The red-spotted, purple caterpillar must defend itself from foraging ants in its early larval stage. It protects itself by building a frass stick in which it can perch off the edge of a leaf. The frass stick is built out of the two things it has most available, silk from the spinneret and frass (insect poop.) When the tiny caterpillar senses vibrations on the leaf or needs to take a break it crawls to the end of the frass stick to rest. Doug Tallamy, entomologist from University of Delaware and famed author of "Bringing Home Nature" says "Apparently, ants would rather go hungry than walk out on a stick made of frass."
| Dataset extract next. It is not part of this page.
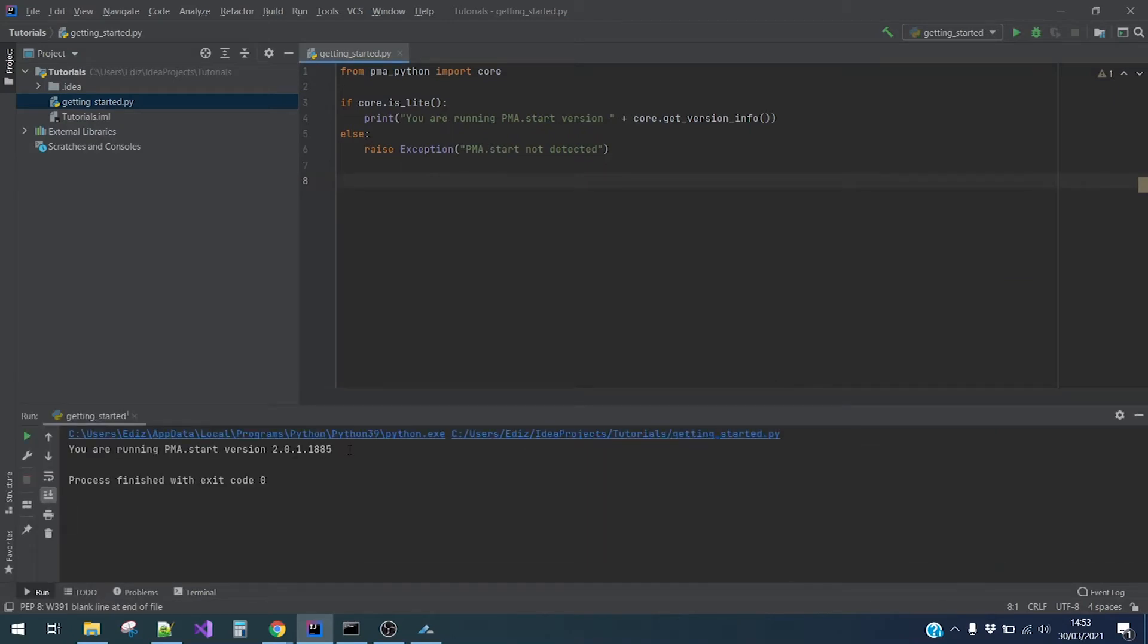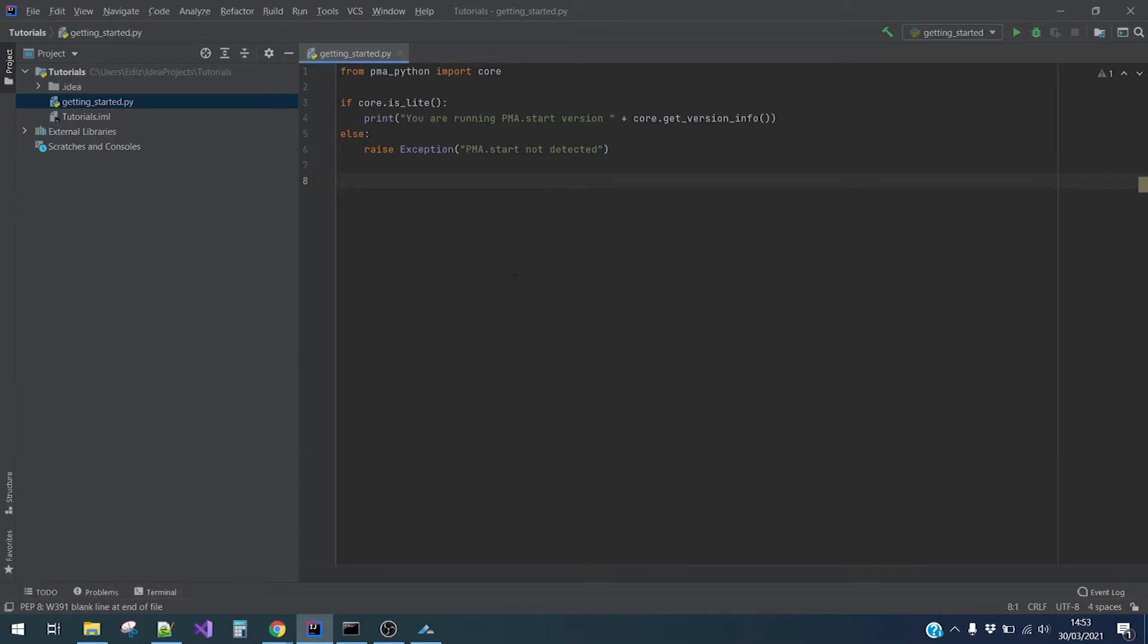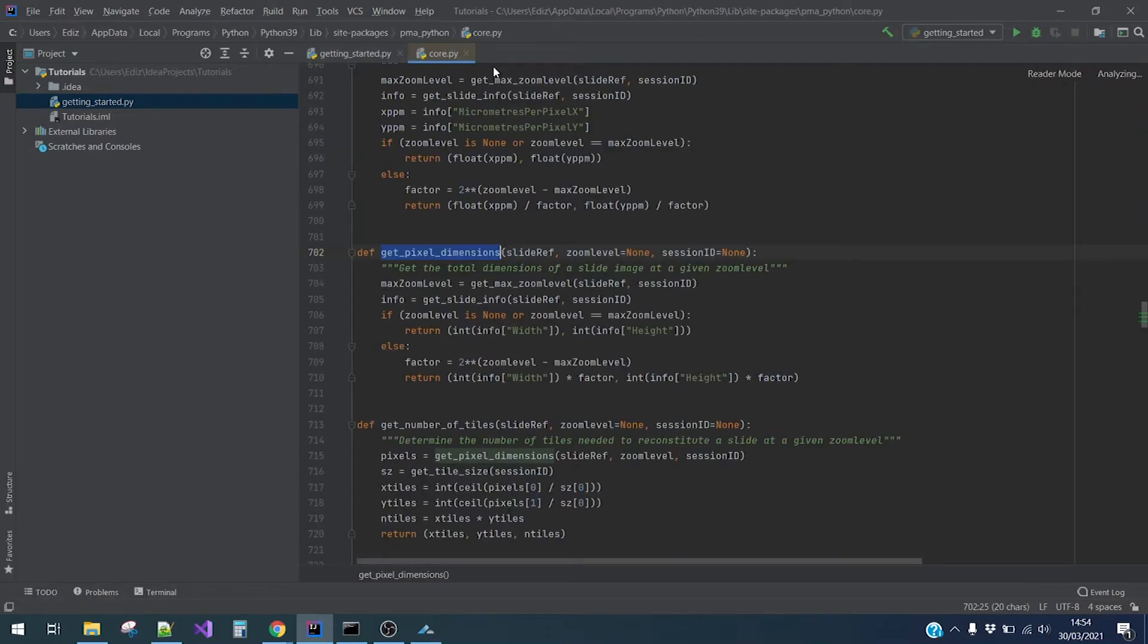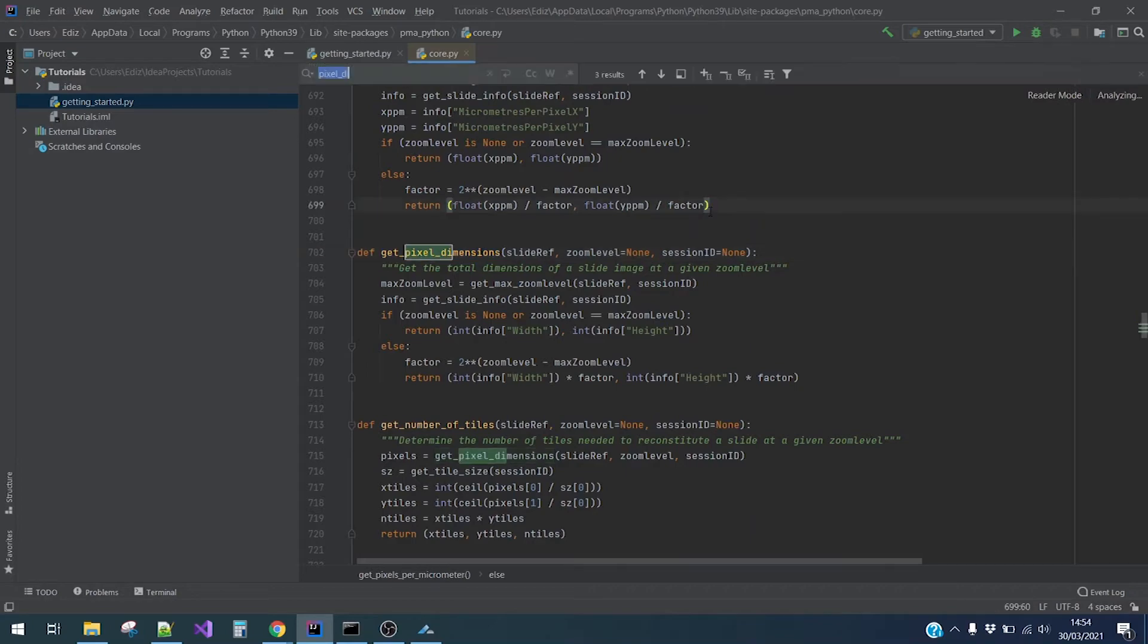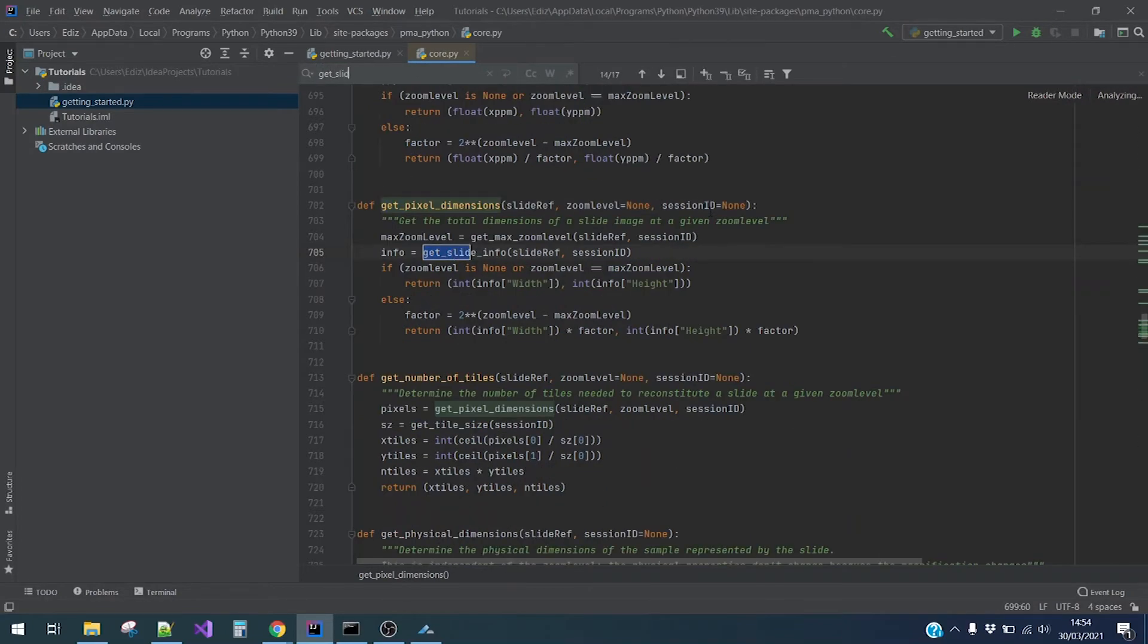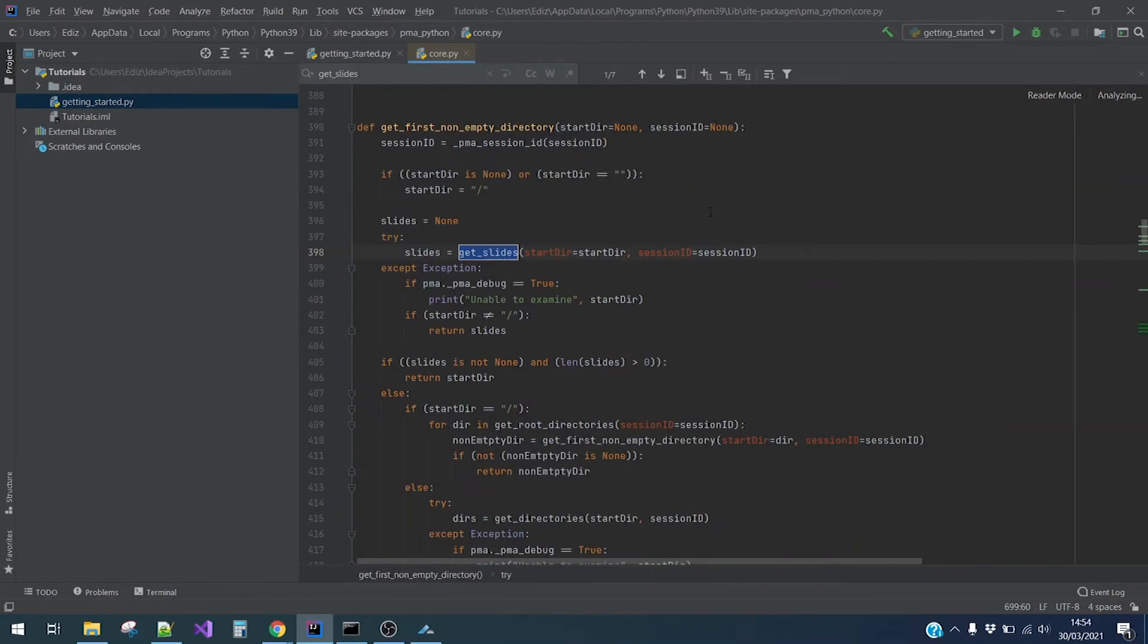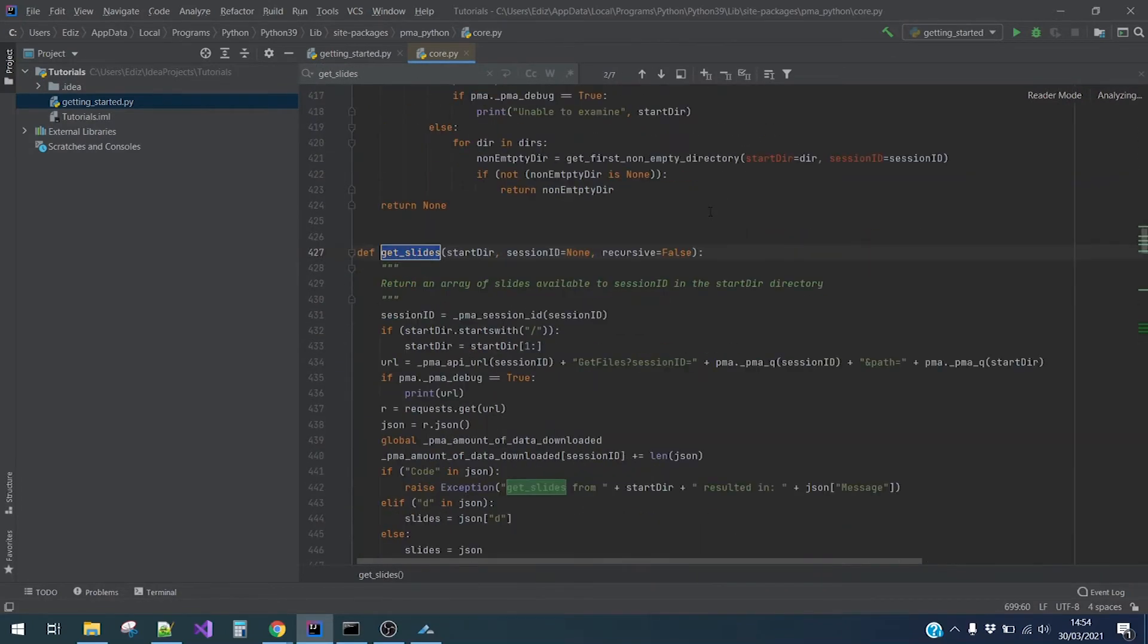Next, let's navigate through the core.py source code. In IntelliJ, the IDE I'm currently using, you can do this by CTRL plus clicking on core.py. So in the source code, you'll find all the different methods together with an explanation of what they do.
Many Illinois butterflies avoid detection of predators by blending in with its background. The very green Clouded Sulphur butterfly caterpillar feeds and hangs out on the middle vein of the leaf going mostly unnoticed. Then when the caterpillar gets bigger, it turns bright yellow to blend in with the flowering partridge pea. The chrysalis also can take on the yellowish hue to blend in.

The spicebush swallowtail is one of the best adapters using camouflage to avoid detection throughout all of its life stages. Early caterpillars look like bird poop and later stage caterpillars look like small green snakes with large eye marks. The eye marks are on the abdomen end in case a bird tries to take a nibble it will not be eating the head. The chrysalis looks like an insignificant brown leaf and the adult butterfly mimics the poisonous pipevine swallowtail.